## DATA FOR ANALYSIS
"""

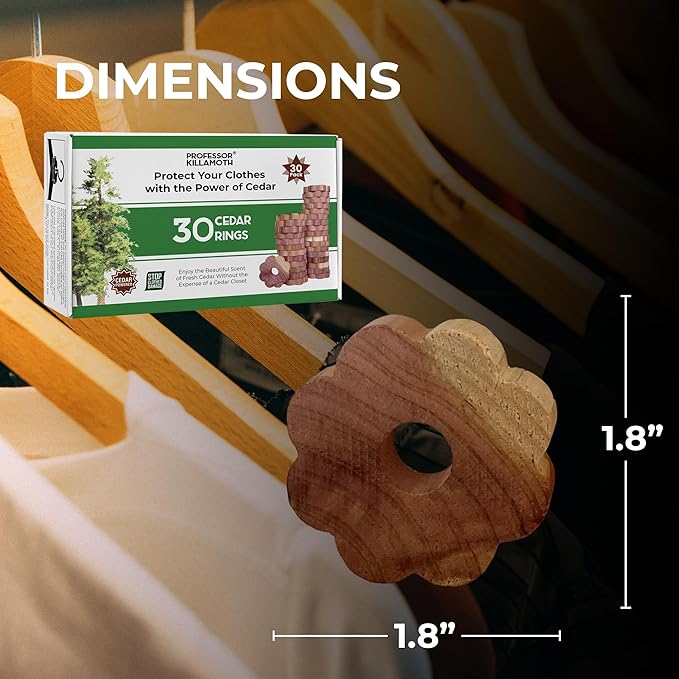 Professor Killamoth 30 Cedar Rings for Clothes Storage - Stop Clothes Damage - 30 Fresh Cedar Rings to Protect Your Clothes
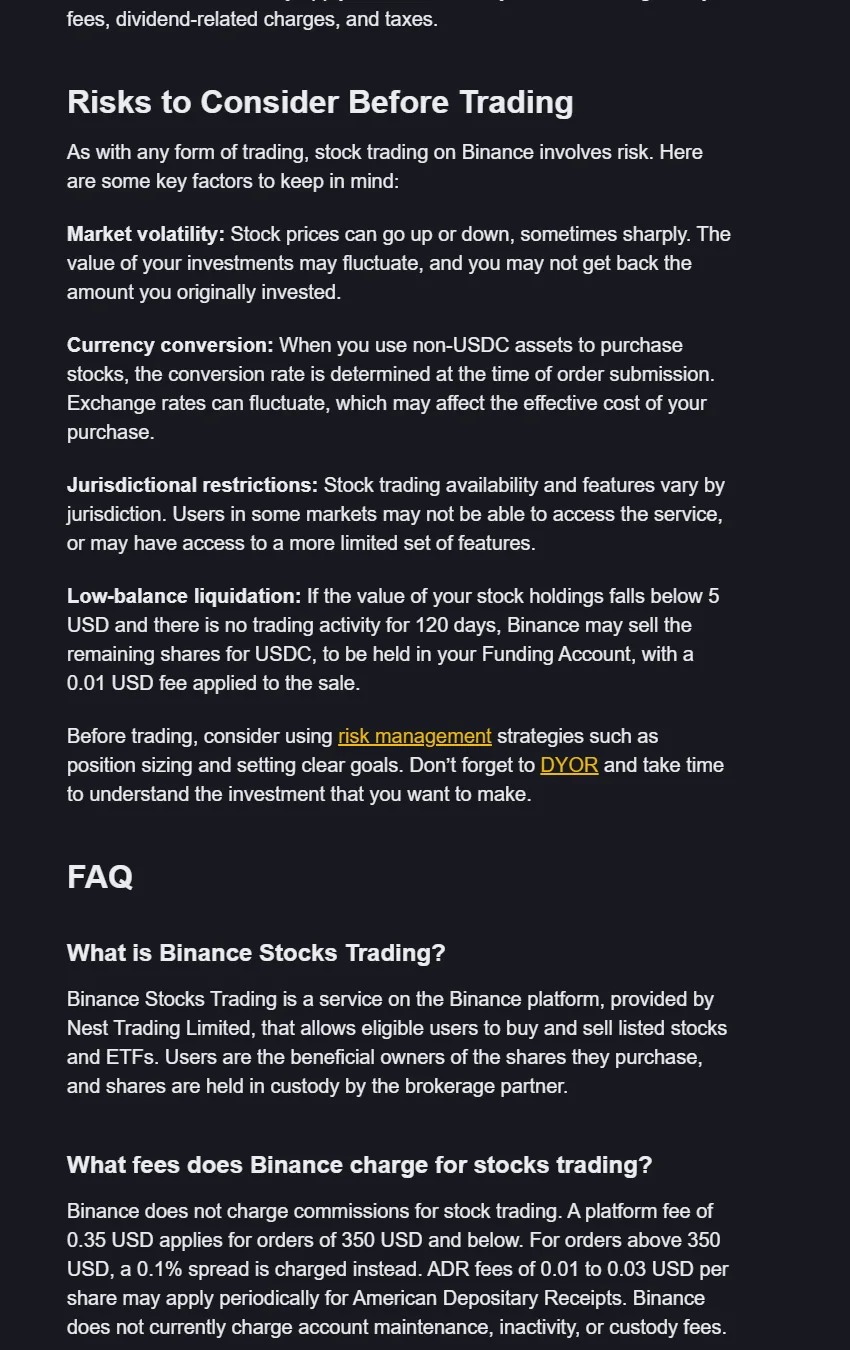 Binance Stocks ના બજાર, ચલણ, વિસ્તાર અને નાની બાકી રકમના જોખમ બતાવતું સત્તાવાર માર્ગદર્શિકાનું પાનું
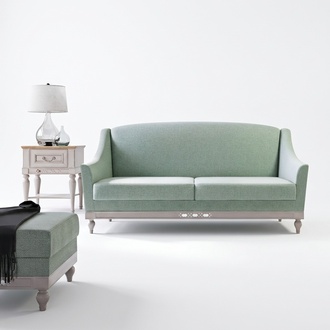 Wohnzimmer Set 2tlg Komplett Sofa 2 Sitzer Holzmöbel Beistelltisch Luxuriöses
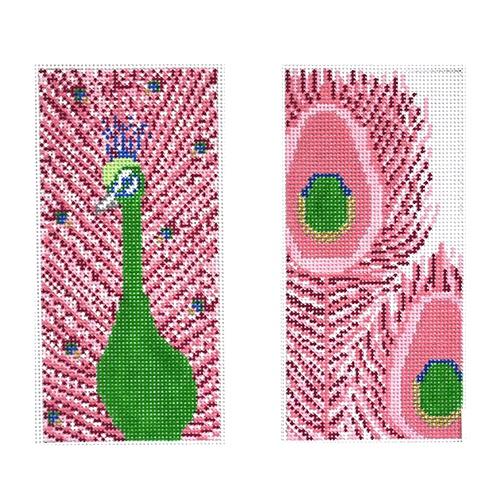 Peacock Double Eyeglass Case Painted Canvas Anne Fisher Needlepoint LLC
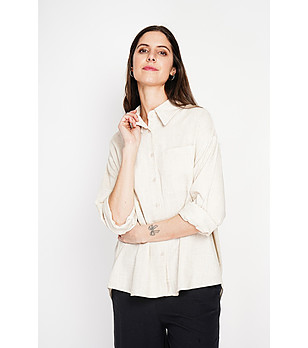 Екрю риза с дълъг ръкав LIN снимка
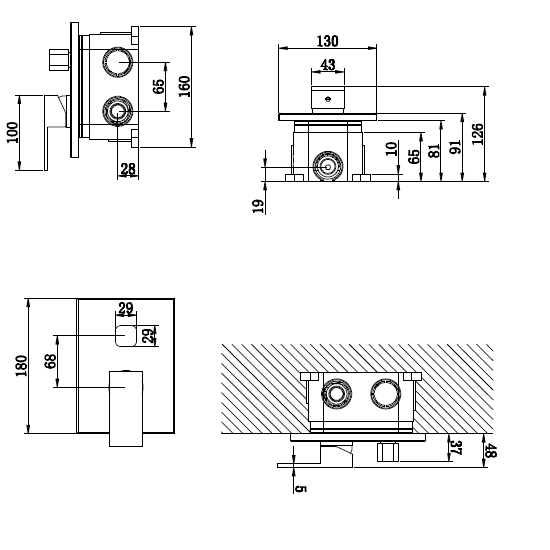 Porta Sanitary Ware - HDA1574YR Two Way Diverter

"""
"""

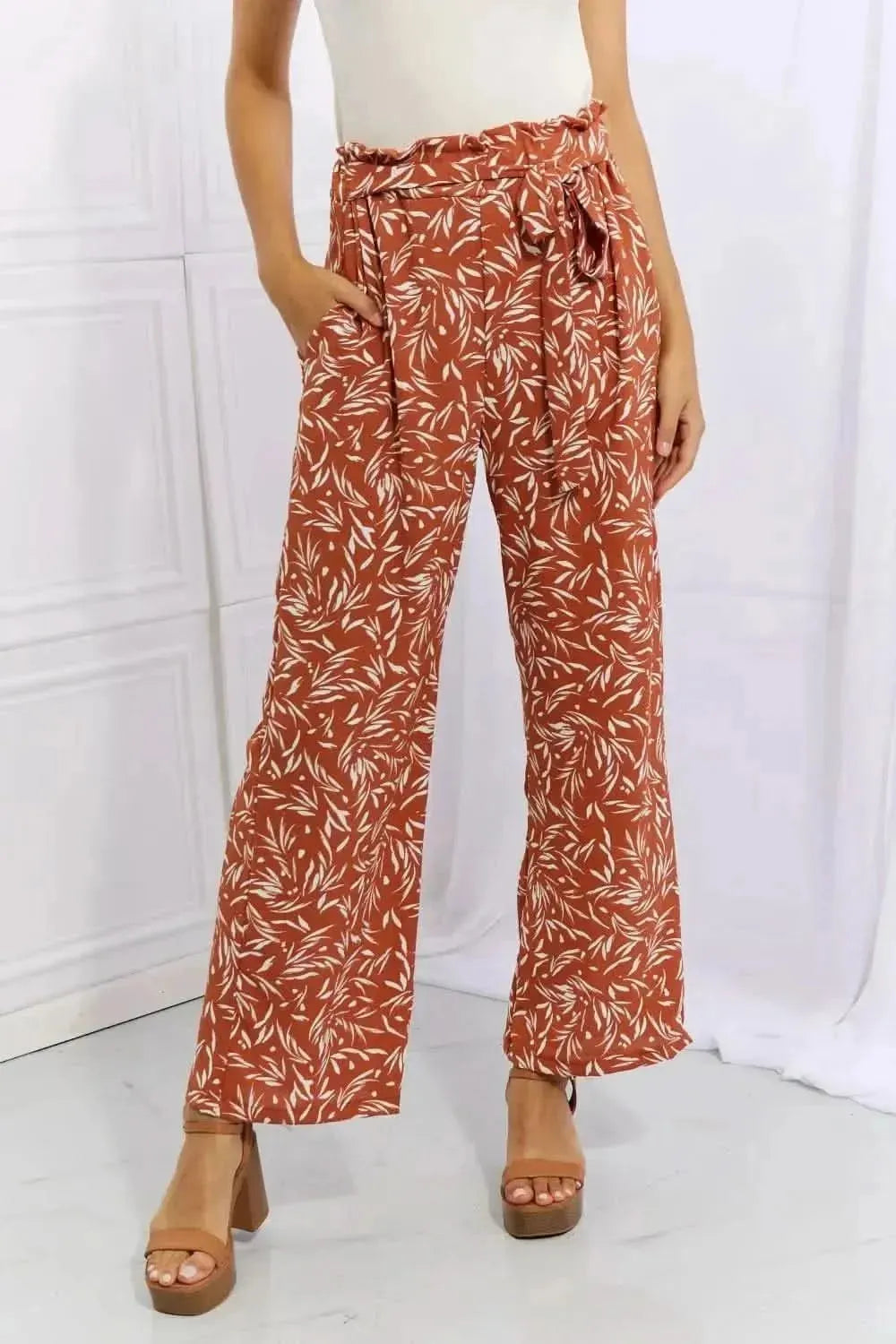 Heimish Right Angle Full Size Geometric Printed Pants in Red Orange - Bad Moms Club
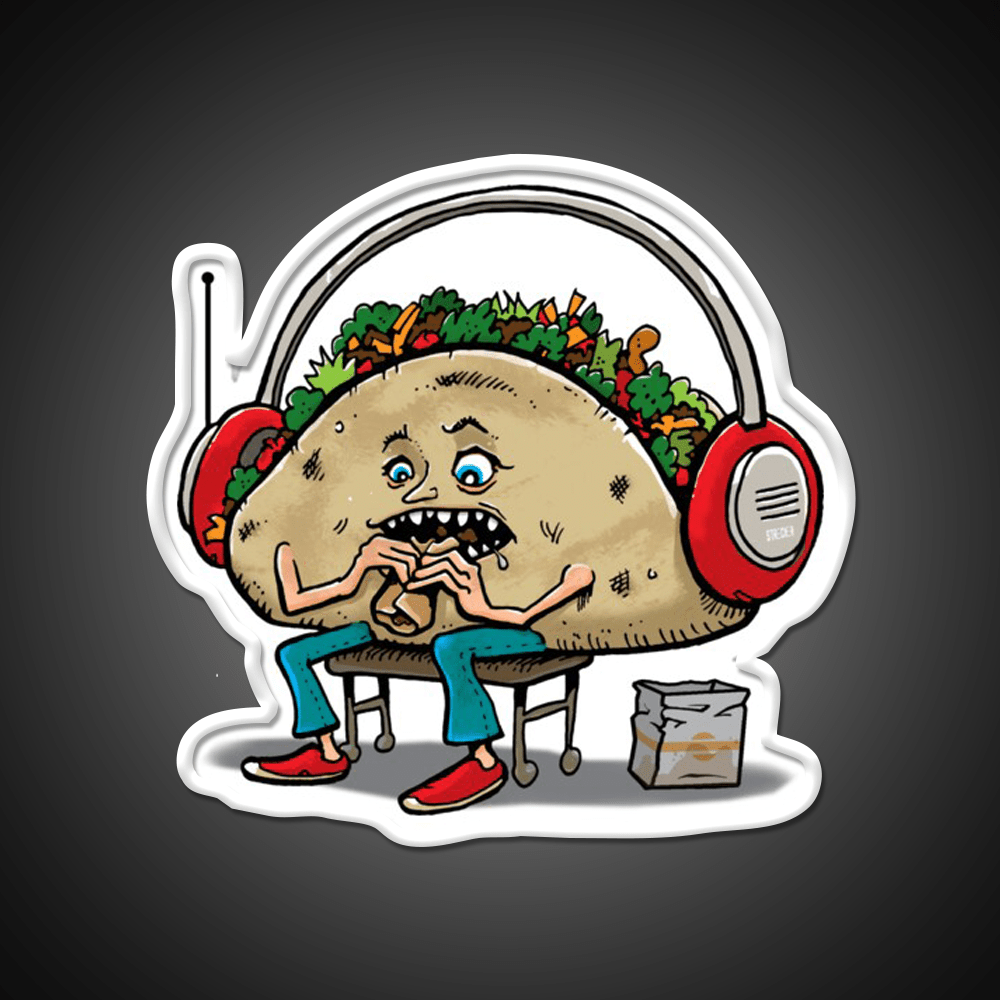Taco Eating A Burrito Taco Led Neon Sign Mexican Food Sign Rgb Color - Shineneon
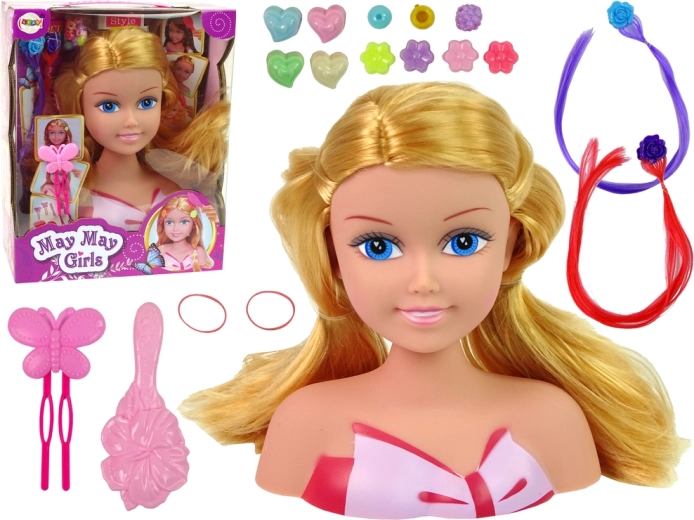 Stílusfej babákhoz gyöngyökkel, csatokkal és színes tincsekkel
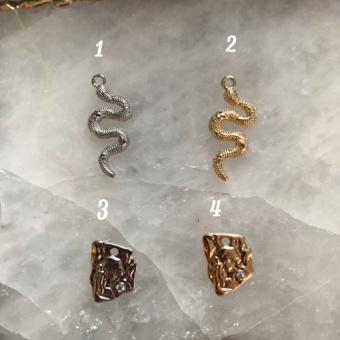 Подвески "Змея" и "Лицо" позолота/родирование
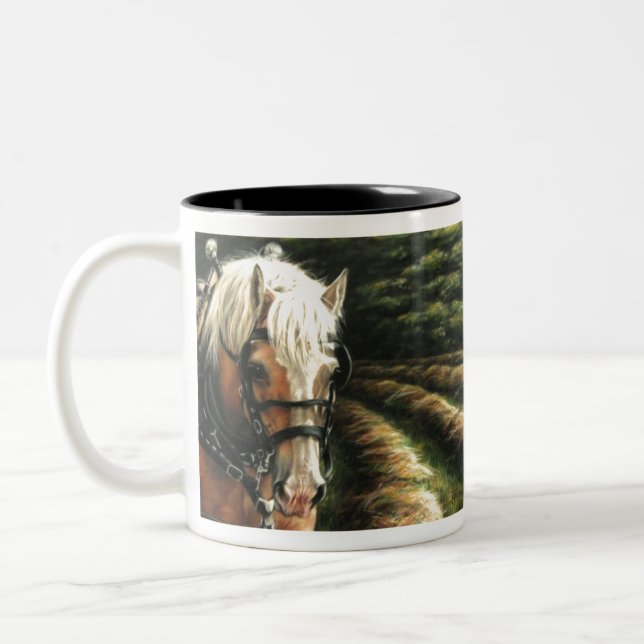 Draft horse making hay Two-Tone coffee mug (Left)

"""
"""

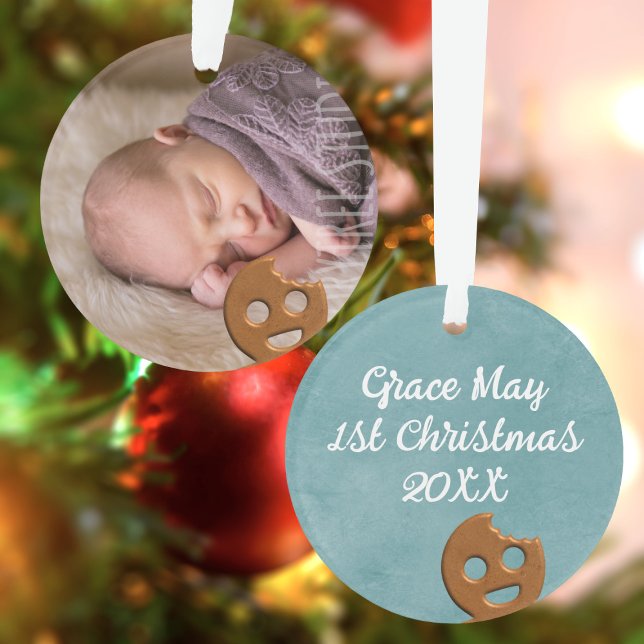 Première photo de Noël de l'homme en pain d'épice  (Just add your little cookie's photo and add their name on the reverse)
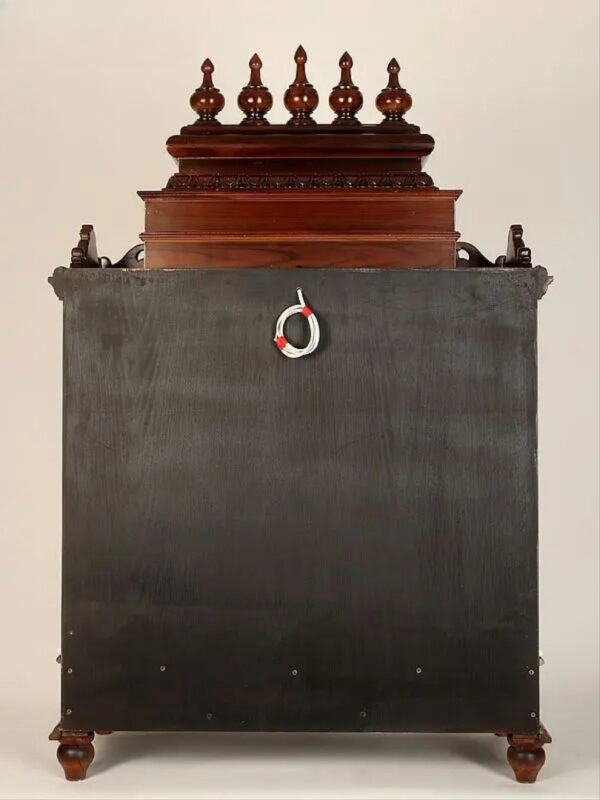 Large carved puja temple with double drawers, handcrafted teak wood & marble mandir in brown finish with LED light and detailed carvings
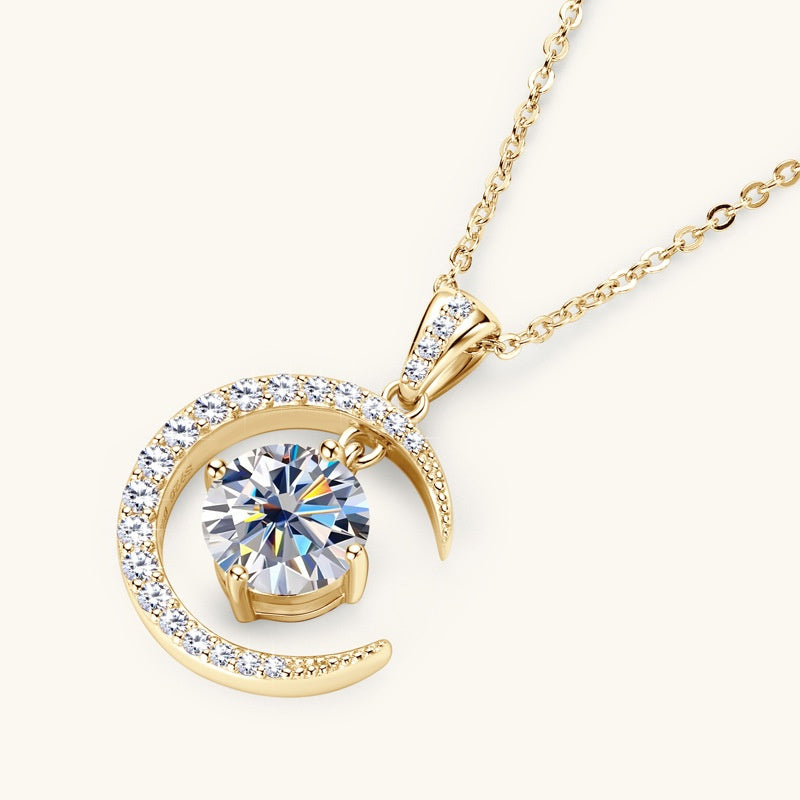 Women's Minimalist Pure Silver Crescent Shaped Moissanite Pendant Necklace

"""

## WHAT THE EXERCISE ASKS
From the listing above, restate verbatim the lines running from the one with "Professor Killamoth 30" through the one with "Wohnzimmer Set 2tlg", inclusive, but not the pictures.

## RESPONSE BOX
 Professor Killamoth 30 Cedar Rings for Clothes Storage - Stop Clothes Damage - 30 Fresh Cedar Rings to Protect Your Clothes
 Binance Stocks ના બજાર, ચલણ, વિસ્તાર અને નાની બાકી રકમના જોખમ બતાવતું સત્તાવાર માર્ગદર્શિકાનું પાનું
 Wohnzimmer Set 2tlg Komplett Sofa 2 Sitzer Holzmöbel Beistelltisch Luxuriöses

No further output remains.